展覧会は、運動態である - ワーク・イン・プログレス -
展覧会場では常に何かが行なわれています。何度か会場を訪れるたびに展示作品も変化していることでしょう。成長する作品。時間、コミュニティーとの関わりから作品も変化し、変遷していく可変的な物事として作品を考えます。
そのような制作方法をとっている作家、作品の展示を行ないます。例えば、みんなが集まる場所をつくり、そこで制作、生活、滞在、交流、展示のすべてを行ないます。作家、作品、現場、観客がそれぞれインテンシヴに関わることから、新たな鑑賞の形を生み出していきます。また、トリエンナーレという大枠の展覧会の中にいくつかのオルタナテイブな展覧会(「ホームステイ・アートプロジェクト」など)を含ませたいと思います。展覧会を入れ子の形にして重層的な催し物とします。
場にかかわる - サイトスペシフィック・インターラクション -
作品鑑賞から作品体験へ。
作品を鑑賞することから体験することへと導く。
そのためには実作の場を垣間みること。そのような場の設定を行ない、多くの人に参加してもらいながら作品を形つくっていくワークショップ形式のプログラムも展覧会期間中、随時行っていきます。
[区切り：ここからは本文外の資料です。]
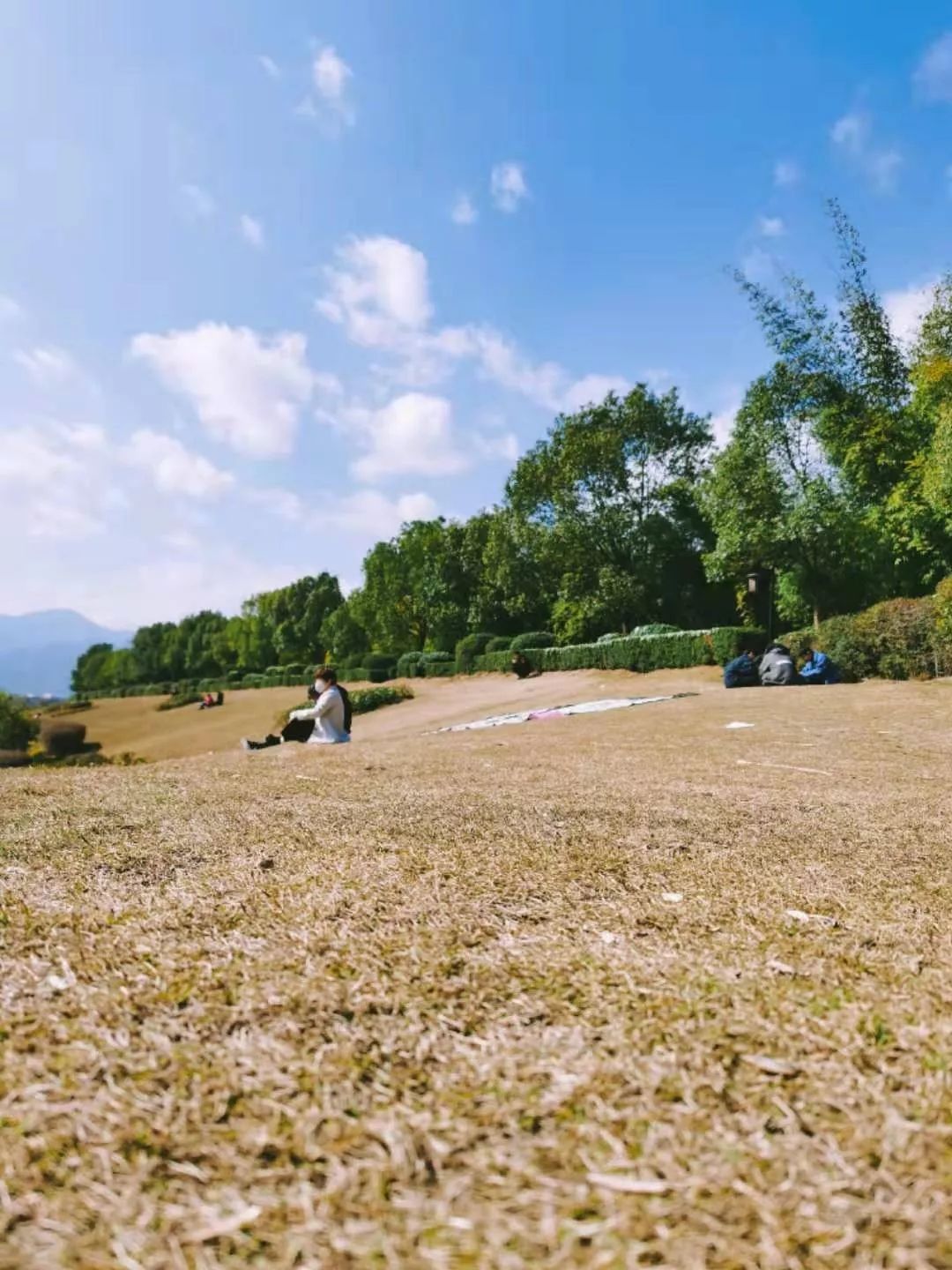 疫情下的县城夜晚照片真实,疫情时期农村的真实生活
つまりアートの制作現場に立ち合うことが、そもそも作品鑑賞の始まりであり、そこから作品や同時代の作家に対する興味と理解が生まれるはずです。それ以上に制作に参加することにより、作品の新たな面を発見することにつながるでしょう。
作品を体験することは、アートを体験すること。それはこれからのアートのありよう、感覚世界のありようを改めて見直すことに繋がるような気がします。
人とかかわる -コラボレイティド・ワーク-
今回アーティストがコラボレイトしたサーカス(ビュランサーカス Buren Cirque)が横浜トリエンナーレにやってきます。アートによってアレンジされた新たなサーカスをここで紹介します。
その他にも会期中、さまざまなコミュニティー・ワークショップを開き、一般の人たちに開かれた展覧会を企画します。これ以外にも、オープンカフェ、飲食屋台、グッズ販売、資料閲覧室(トリエンナーレのアーカイヴルームとして、アーティストの資料、カタログなどを集めて、一般に閲覧できる場所)の設置を行ないます。
また会期後半には、会場で展示作品を含めたアート・オークションを企画しています。これには一般観客も自由に参加できます。テンポラリーな国際展であるからこそ、そこに展示された作品の今後のことも考えていきたいと思い、参加作家の協力を得た上で、展示作品の公開オークションを行ないたいと思っています。
横浜トリエンナーレ2005のこれらの活動が、新たなスタイルのアートシーンを日本から発信していく下地になることを願っています。